Hey if you have the time, could you explain this GAAP thing OBITX mentions in the PR for their annual filing? It says they had a net loss of 49million and somehow cancelled it and have a net profit of 1million and some change.




I assume you're referring to the roughly $49 million loss on the annual 10-K. From the 10-K...

BTZI 10-K

Operations

We gained $62,838 in cash by operating activities for the year ended January 31, 2021 as compared to using $16,558 for the year ended January 31, 2020. Net cash used by operations consisted primarily of the net loss of ($49,298,590) offset by non-cash activities of $49,204,508 in stock-based compensation, $69,443 of imputed interest and $114,125 in realized gain in cryptocurrency, net. Changes in assets and liabilities consisted of an increase of $830 in prepaid expenses, accrued interest of $90,435, current cryptocurrencies of $40,083 and accounts payable of $3,290, offset by a decrease in accounts payable to related parties of $107,990.



Of the total net loss for FY2021 (ending January 31, 2021) of $49,470,848, $49,204,508 of it came from non-cash stock based compensation. This consisted primarily of one time sign up bonuses to attract the company's new management team. These would not be repeated each year as they would be replaced by much lower (or deferred) salary compensation. At the end of the year, the value of the stock is added to the accumulated deficit according to GAAP rules. The new year (net profit/loss) is then started out with a clean slate.

In their 5/17/21 PR the company stated...

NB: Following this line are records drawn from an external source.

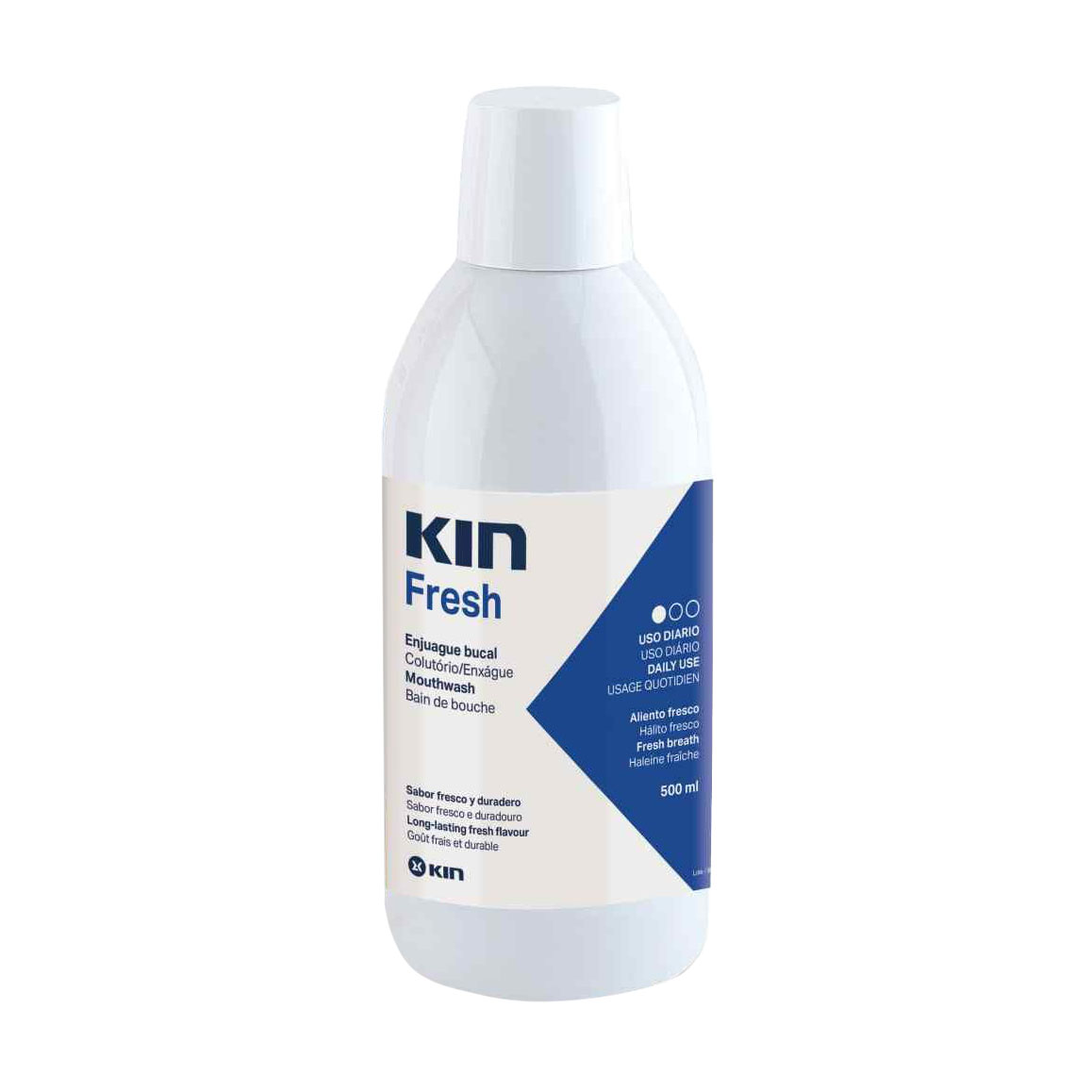 Ополіскувач для порожнини рота Kin Fresh Mouthwash, 500 мл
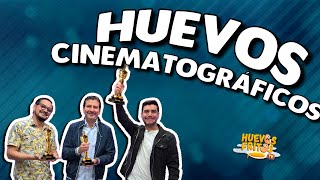 HUEVOS CINEMATOGRÁFICOS  PREMIOS OSCAR  HUEVOS FRITOS huevosfritos 2024 premiososcar [upl. by Inavihs664]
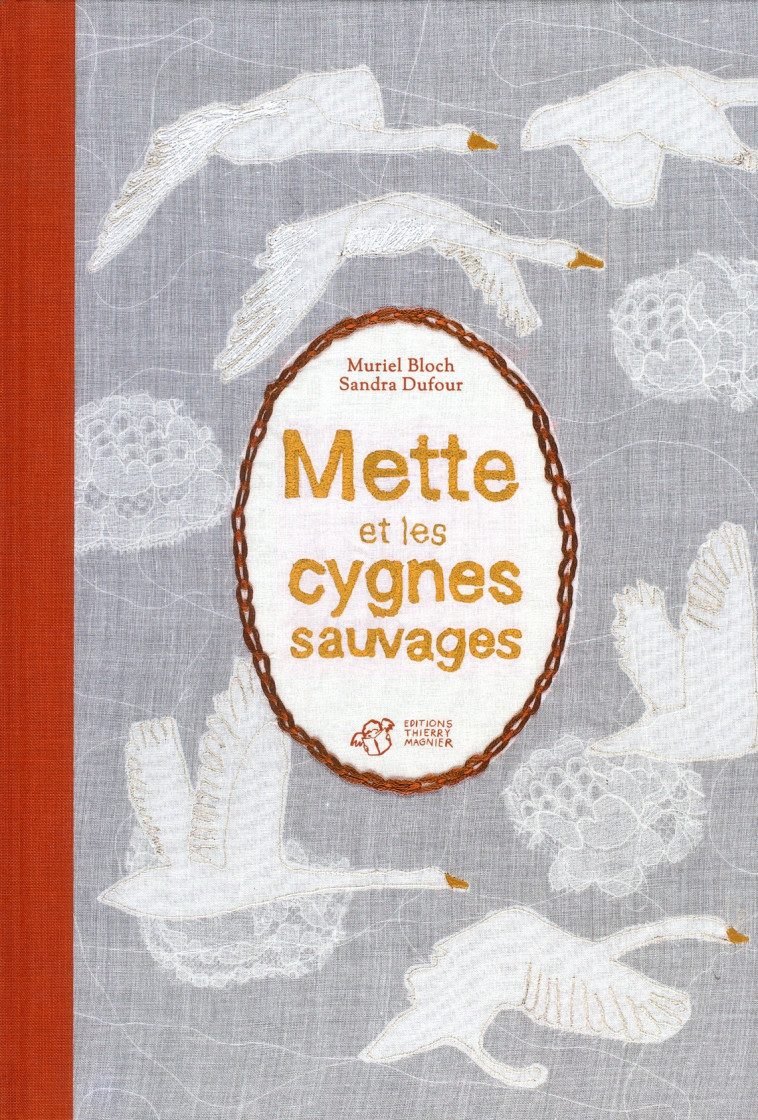 METTE ET LES CYGNES SAUVAGES - BLOCH/DUFOUR - THIERRY MAGNIER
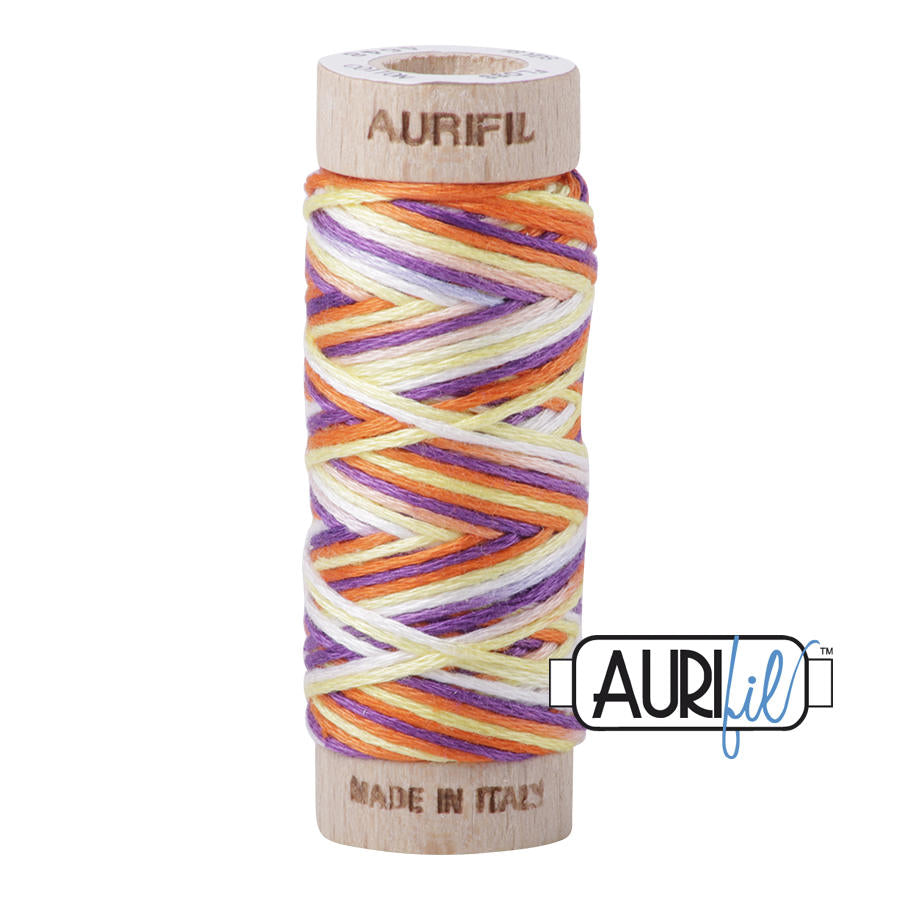 Aurifil Garn aus 100% Baumwolle, 6 fädiges Zahnseidengarn - 4648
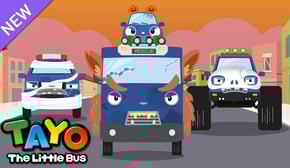 The Best Team, Blue Rescue Team!✨ | Halloween Songs | Rescue Team Songs | Tayo Sing-Along Show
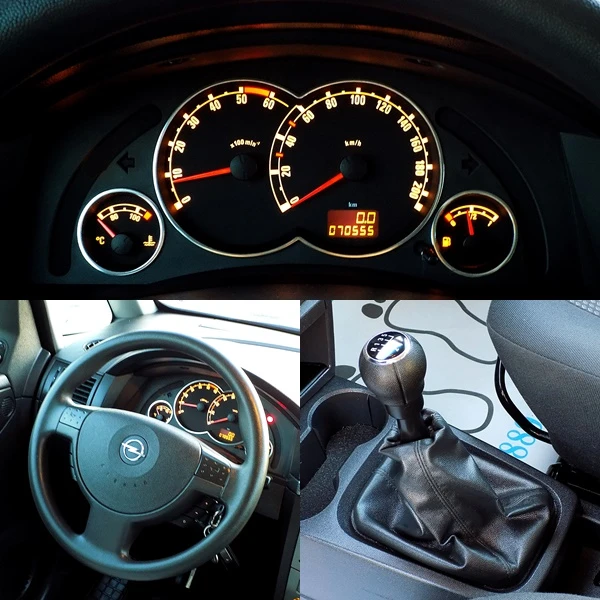 Opel Meriva 1.3CDTi/70 000 км/КЛИМАТРОНИК/ЧИСТО НОВА, снимка 14 - Автомобили и джипове - 52817024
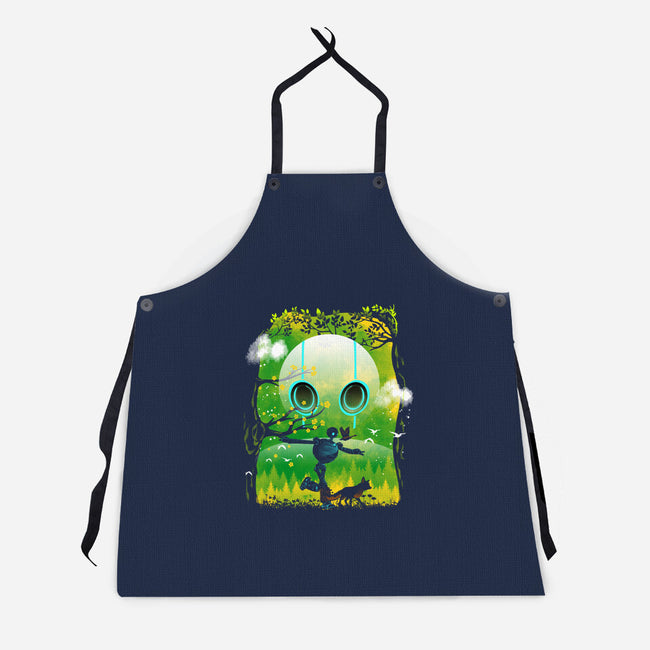 The Wild Soul-Unisex-Kitchen-Apron-constantine2454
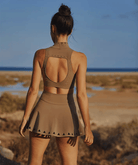Conqueror's Tennis Gym Set - Skirt + Top Starlethics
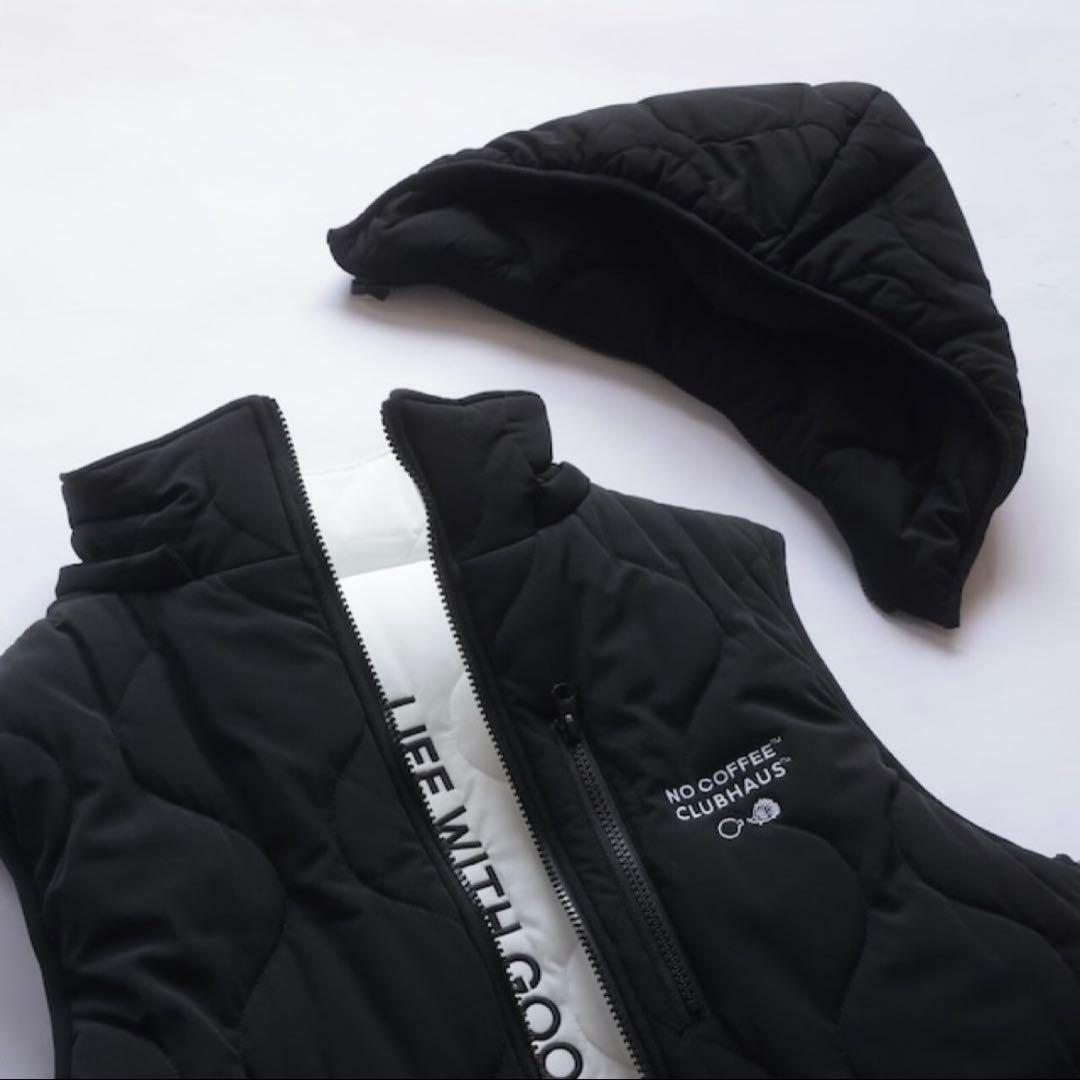 メンズウェア NO GOLF Padded Reversible Vest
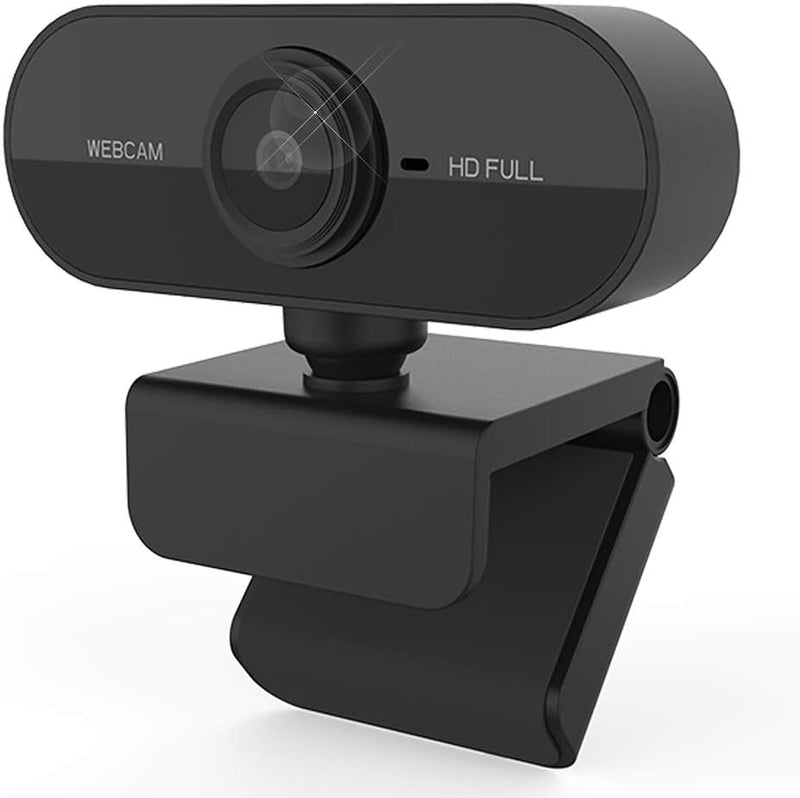 BC Master BC-W1 Full HD Webcam with 1/2,7-CMOS Sensor black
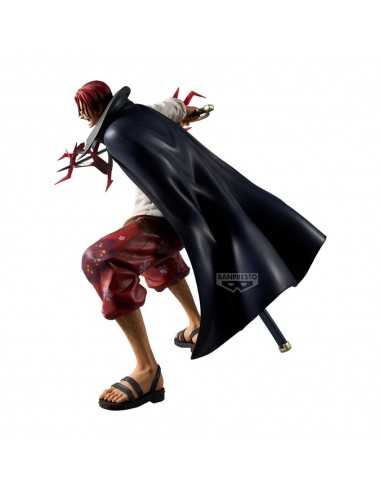 Figura banpresto one piece grandsita shanks special edition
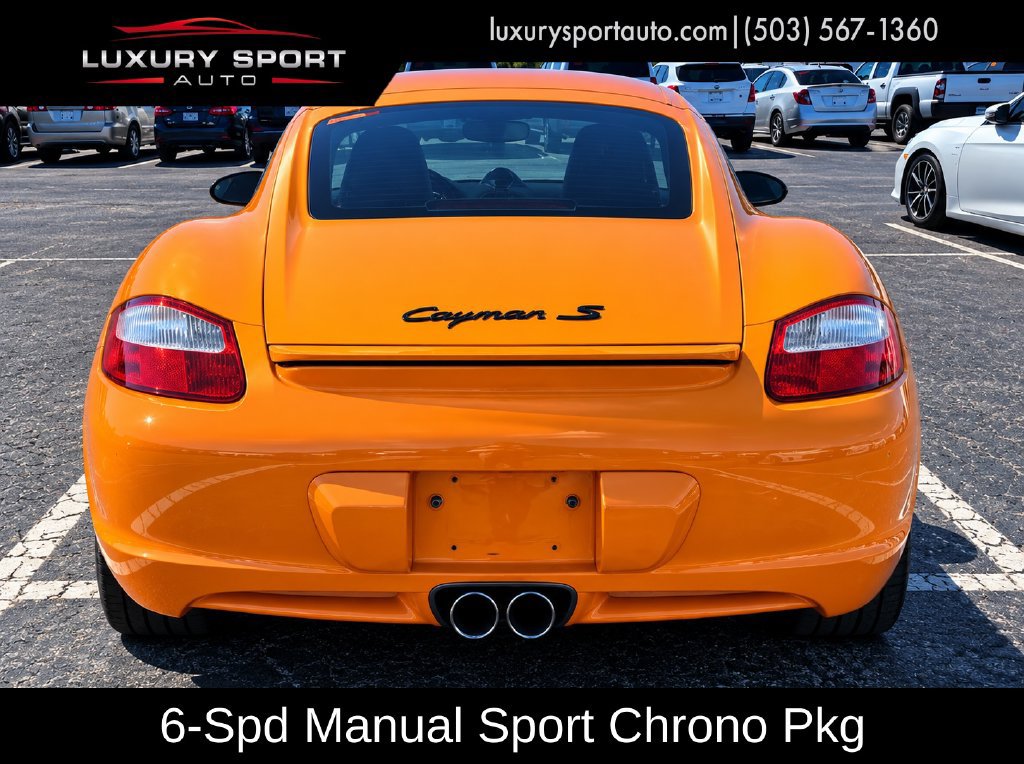 Used 2006 Porsche Cayman S RWD image 6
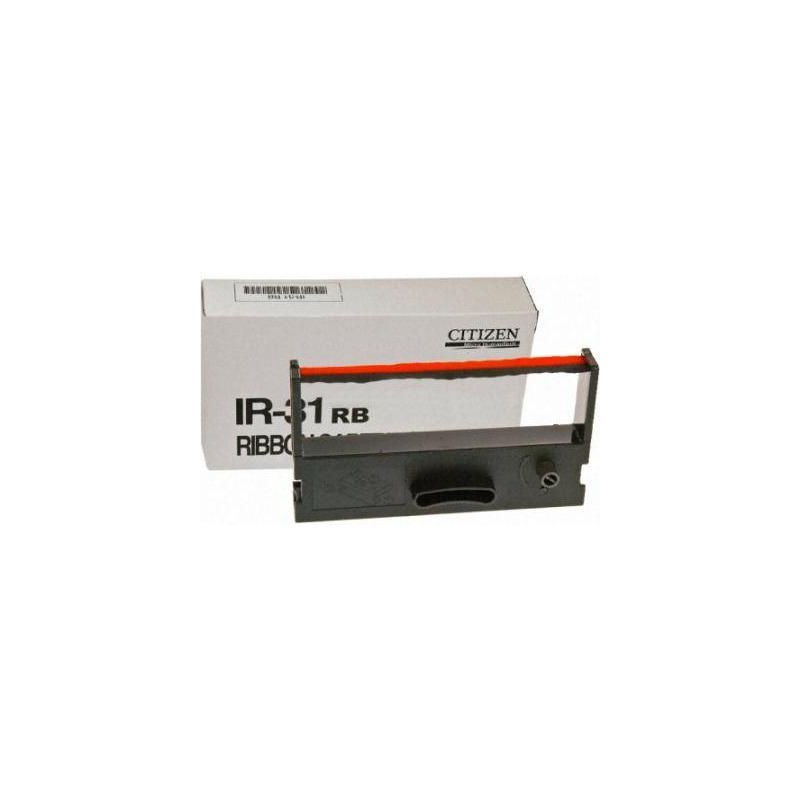 Citizen Ink Ribbon IR31 RedBlack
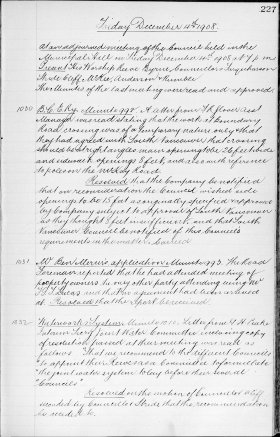 4-Dec-1908 Meeting Minutes pdf thumbnail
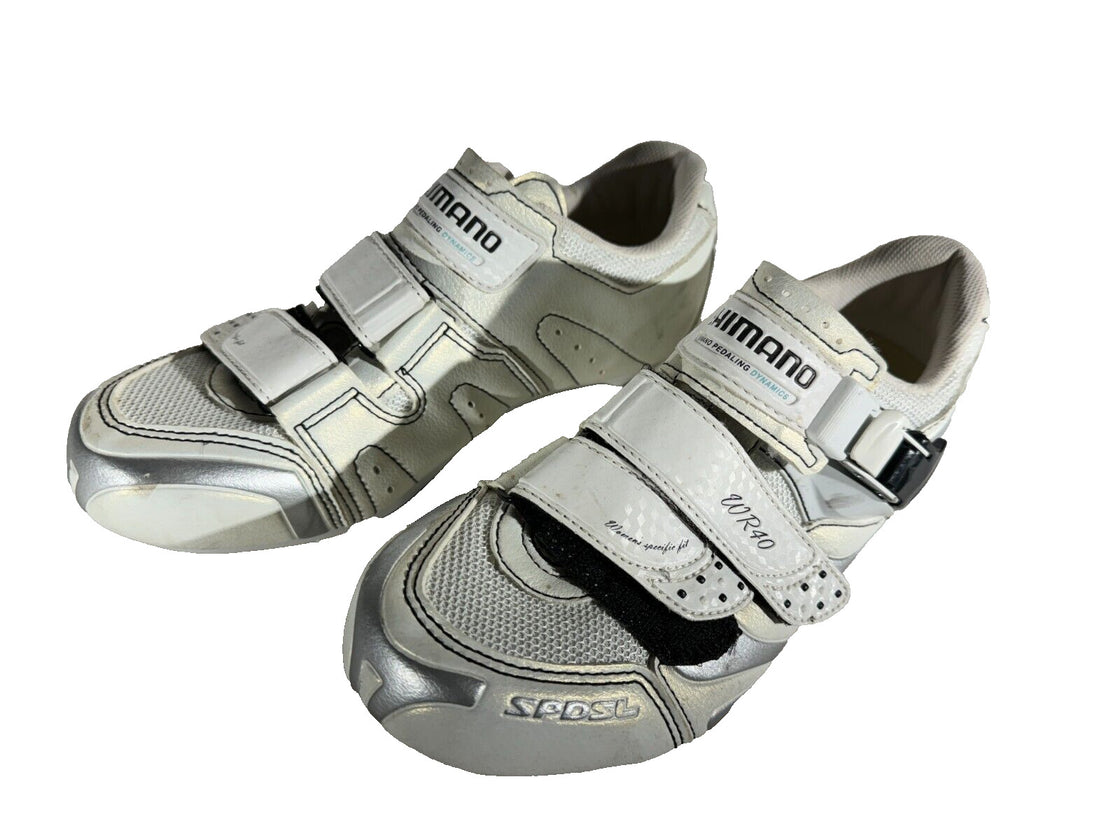 SHIMANO Wr40 Road Cycling Shoes 3 Bolts Ladies EU39 US7.2 Mondo 245 cs546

OBITX, INC. FILES ANNUAL REPORT WITH SEC RELEASES ADJUSTED ANNUAL EARNINGS REPORT

OBITX recorded $49 million in stock-based compensation when it reorganized its previous operations moving from an internet marketing company to a blockchain engineer and development company. In addition, OBITX recorded the sale of its proprietary internet marketing software for $1.9 million to a related party as a balance sheet transaction only. The net effects of these two major transactions, when removed from the financials, along with traditional adjusted expenses, such as interest and depreciation, provide for an adjusted from a $49 million loss to a$1.1 million profit.



So they're saying if you discount the non-cash stock transactions from last year (counter to GAAP accounting rules) the adjusted numbers actually show that the company made $1.1 million in profit, thus proving that they aren't in any danger of running out of cash. It is common practice for companies to report adjusted Non-GAAP numbers so that their shareholders can get a better picture of their cash picture by discounting non-cash values/transactions such as depreciation and one time stock compensation.